NEW ORLEANS (press release) – From photography’s beginnings in the United States, Black studio photographers operated on the developing edge of photographic media to produce beautiful portraits for their clients, while also making a variety of other photographic work in keeping with important movements like pictorialism, modernism, and abstraction. Called to the Camera illustrates the artistic virtuosity, social significance, and political impact of African American photographers working in commercial portrait studios during photography’s first century. The exhibition is among the first to focus exclusively on this national cohort of artists and entrepreneurs, while situating that group within a broader inclusive history of picture-making. Called to the Camera reframes the history of American photography by placing Black photographers and subjects at the center of that story, arguing for a reconsideration of how historians and institutions evaluate and display photography.

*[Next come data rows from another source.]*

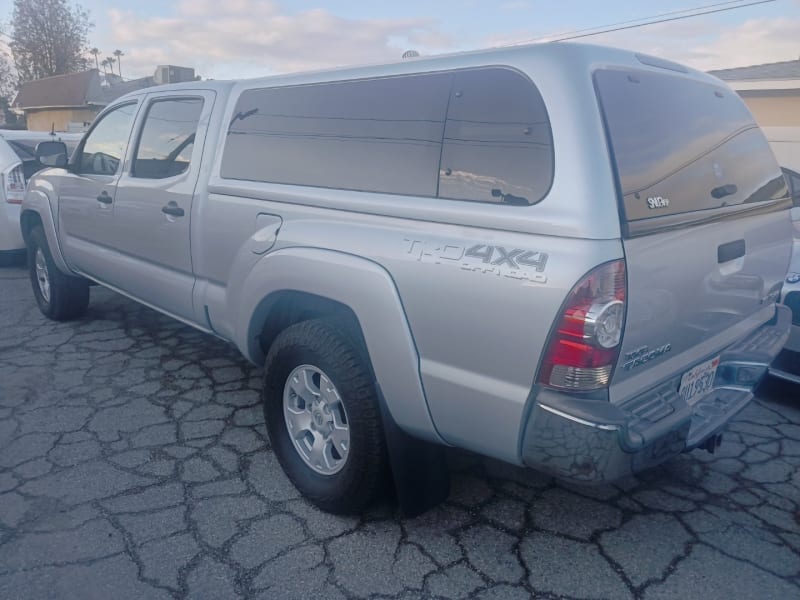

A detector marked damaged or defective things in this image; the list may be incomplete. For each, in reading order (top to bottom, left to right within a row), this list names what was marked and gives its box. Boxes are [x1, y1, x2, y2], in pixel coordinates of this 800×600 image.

cracked asphalt pavement [1, 264, 800, 596]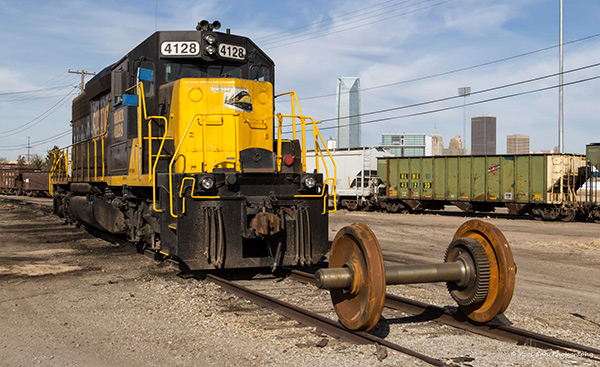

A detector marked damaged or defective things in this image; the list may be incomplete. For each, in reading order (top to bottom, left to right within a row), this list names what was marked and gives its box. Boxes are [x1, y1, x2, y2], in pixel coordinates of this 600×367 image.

rusty train wheel [328, 223, 384, 332]
rusty train wheel [450, 220, 516, 324]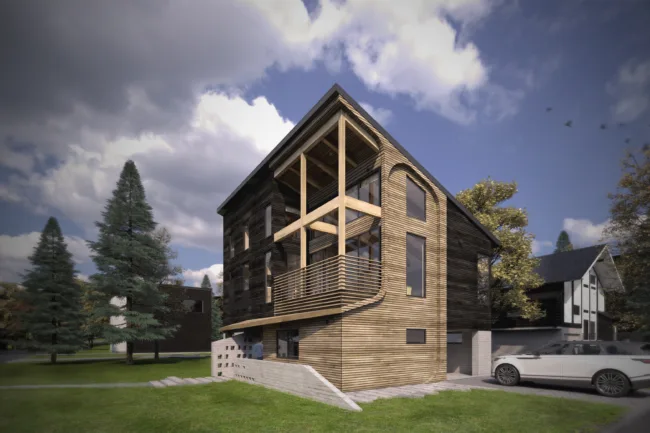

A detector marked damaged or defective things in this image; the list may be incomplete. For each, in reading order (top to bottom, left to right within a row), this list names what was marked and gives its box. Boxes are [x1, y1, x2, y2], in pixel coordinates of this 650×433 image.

burnt timber cladding [133, 286, 211, 352]
burnt timber cladding [218, 86, 496, 390]
burnt timber cladding [446, 200, 492, 330]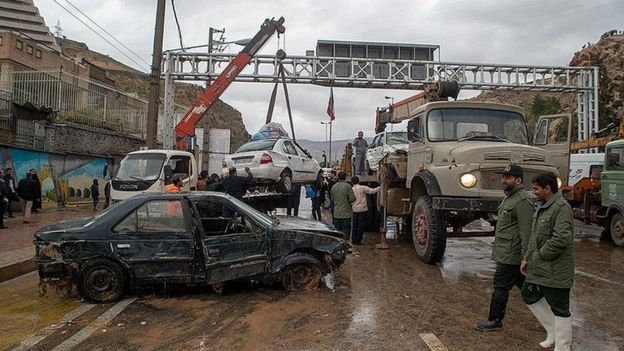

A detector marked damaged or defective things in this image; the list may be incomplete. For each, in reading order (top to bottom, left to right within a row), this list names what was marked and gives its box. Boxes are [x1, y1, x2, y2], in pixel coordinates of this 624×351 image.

damaged car door [110, 199, 195, 284]
crushed sedan [35, 191, 352, 304]
broken vehicle [35, 191, 352, 304]
damaged car door [195, 198, 270, 286]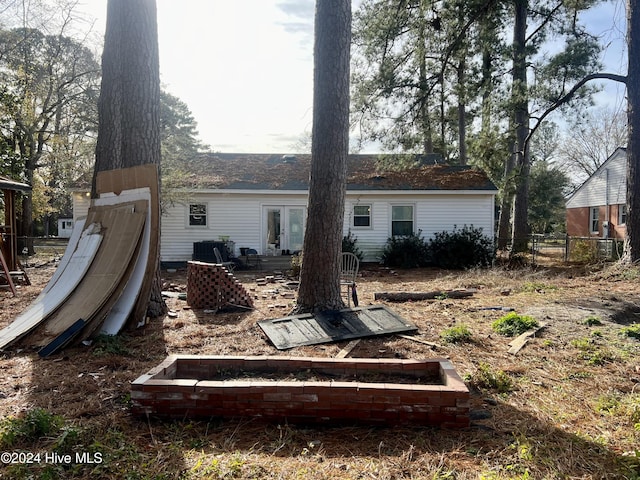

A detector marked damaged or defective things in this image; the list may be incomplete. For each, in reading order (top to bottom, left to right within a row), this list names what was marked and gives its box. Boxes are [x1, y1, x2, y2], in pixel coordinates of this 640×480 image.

broken wood panel [258, 306, 418, 350]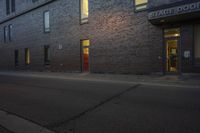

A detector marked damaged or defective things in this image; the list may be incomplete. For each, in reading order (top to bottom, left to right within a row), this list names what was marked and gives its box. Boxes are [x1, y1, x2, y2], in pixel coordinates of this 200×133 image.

crack in pavement [46, 83, 141, 128]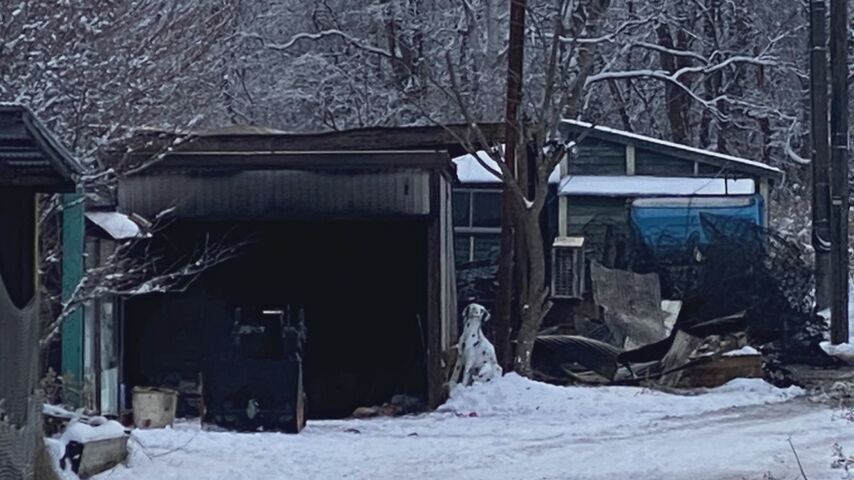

This exhibition brings together over 150 vintage photographs, many of them unique objects, from the nineteenth century to the present. Celebrating famous portrait photographers such as James Presley Ball, James Van Der Zee, and Addison Scurlock, this exhibition additionally brings attention to more than two dozen other photographers, including Arthur P. Bedou and Florestine Perrault Collins, Arthur L. Macbeth, Emmanuel F. Joseph, and more. Works by these and other artists illustrate how professional Black photographers were crucial to their communities’ efforts to represent themselves in the early twentieth century. Works by modern and contemporary photographers make clear the connection between the historical legacy of Black photography studios and what we consider to be art photography today.
Called to the Camera: Black American Studio Photographers is organized by the New Orleans Museum of Art and is sponsored by Catherine and David Edwards; Kitty and Stephen Sherrill; Tina Freeman and Philip Woollam; Milly and George Denegre; Andrea and Rodney Herenton; and Cherye and Jim Pierce. Additional support is provided by Philip DeNormandie; Aimee and Michael Siegel; Kenya and Quentin Messer; the Del and Ginger Hall Photography Fund; Beaucoup Eats; Mel Buchanan and Lance Dickman; Rayne Martin; and Chantell M. Nabonne. This project is supported in part by the National Endowment for the Arts. Research for this project was funded by the Mellon Foundation and the Stuart A. Rose Manuscript, Archives, and Rare Book Library at Emory University.